Each node generates \(a_{i}\) using the \(k_{i}\)

Each cipher text element in the received array is modified using \(a_{i}\)

$${\text{I(s)}} = I\left( s \right)^{{a_{i} }} = g^{{\alpha_{s} .a _{i} }} \,h^{{\beta_{s} .a_{i} }} \bmod \,{\text{x}}$$

Then the index for the indented data alone is multiplied by \(w_{i}\).

Intermediate aggregator node aggregates the received arrays from all children using additive homomorphic operation. This semantic security and public randomization enables the method secure against eavesdropping attack. Before the beginning of aggregation process, the BS collects the ID of all participating node by broadcasting hello message and receiving acknowledgement. Using this, the BS recalculates the aggregation of all participating nodes ID and compares it with extracted aggregation ID from the received message. If the verification succeeds it respond with acknowledgement. Each intermediate node stores the message received from its child nodes until an acknowledgement is received from BS. If consistency check fails, the BS traces the malicious node using the message and signature which are stored in the intermediate aggregator node. Thus the BS verifies the integrity of the received message.

Authenticity of all communication is verified by attaching a signature generated using a unique key shared between all the nodes and their parents. Thus the authenticity of all participating nodes and integrity of leave nodes are ensured. And the deviation of aggregated value caused by the collusion of compromised intermediate and sensor node is minimized. But this method requires the entire active node whether it is having data or not, to participate in the aggregation process by sending array of null values, this consumes the bandwidth of energy constraint sensor network.

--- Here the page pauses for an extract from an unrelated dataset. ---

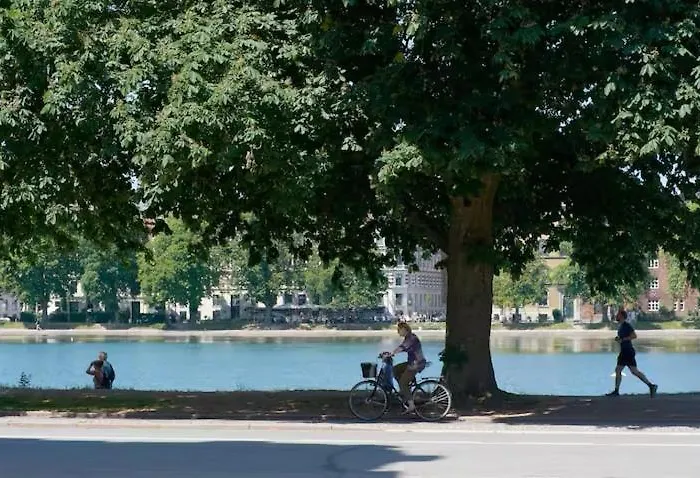 Apartment Family - - Sea - Luxury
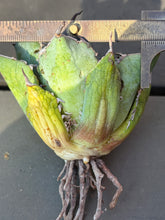 Load image into Gallery viewer, Agave titanota 'White Whale'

6.2 Privacy Preserving In-network Aggregation in Wireless Sensor Networks: PPIA [15]

The authors proposed a method using Paillier cryptosystem based asymmetric homomorphic encryption scheme to resilient false data injection in data aggregation. The kind of aggregation supported are sum, count and mean. Existing solutions for false data injection by compromised node by allowing multipath routing is very complex. Hence the authors proposed this solution. The leaf node encrypts the data using the

$${\text{Ency}}\left( {\text{M}} \right) = {\text{rM}} . {\text{pq}}\;\text{mod}\;{\text{qq}}$$

where M is the message to be encrypted.

$${\text{M}} = {\text{mT}}$$

where m is sensed data and T is the threshold, p is random value, p ɛ Zq.

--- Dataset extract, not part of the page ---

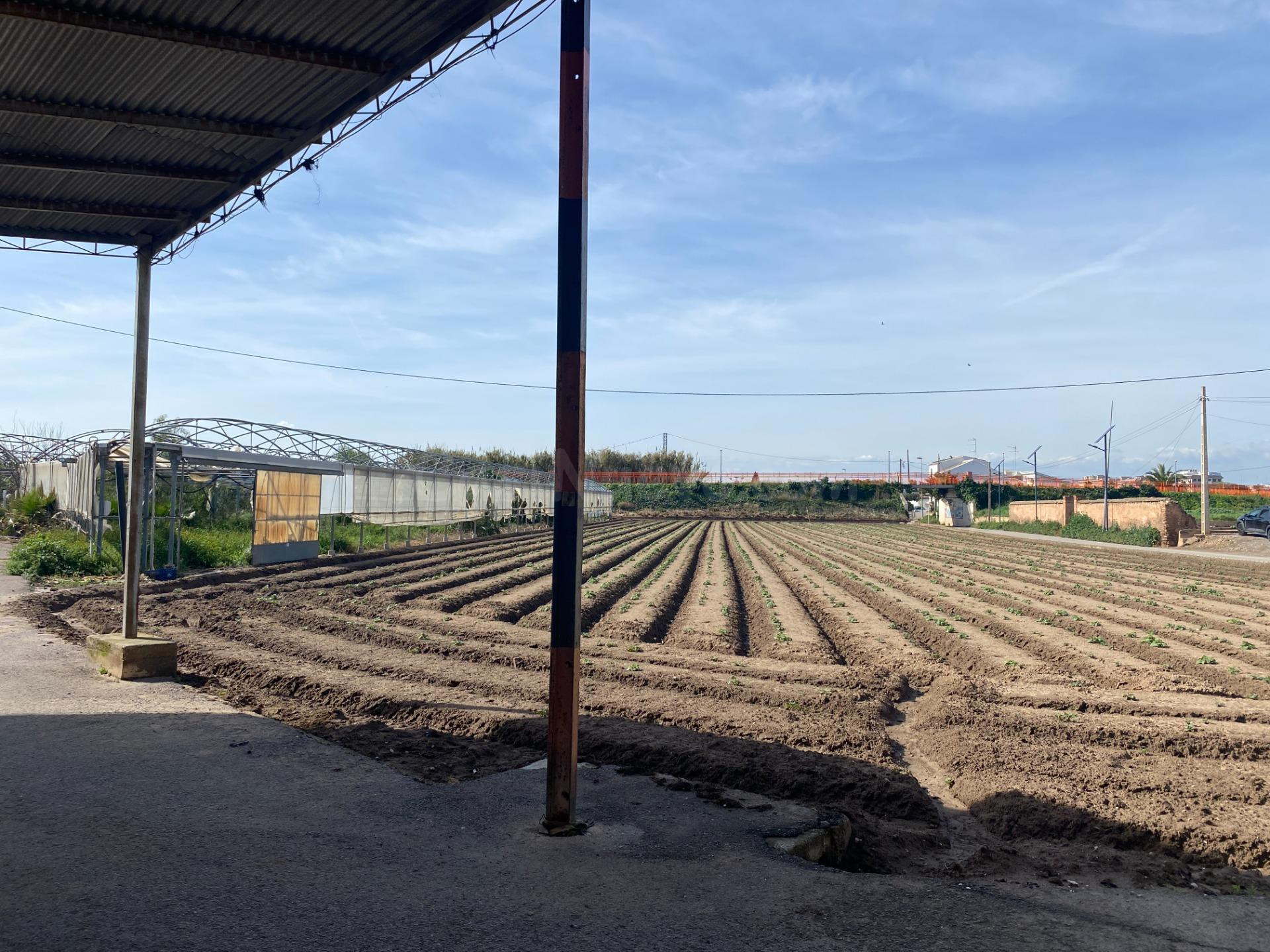 Oportunidad única en la huerta de Meliana: vivienda en parce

The encrypted M is forwarded to the parent node in tree where it get aggregated and forwarded to its parent. This process gets repeated till the sink. Using the threshold and the private key, the sum, count and mean can be calculated by the sink. Thus the security is ensured by using homomorphic encryption and energy consumption is reduced by using the threshold.

6.3 An Efficient Privacy-Preserving Compressive Data Gathering Scheme: EPPCDA [16]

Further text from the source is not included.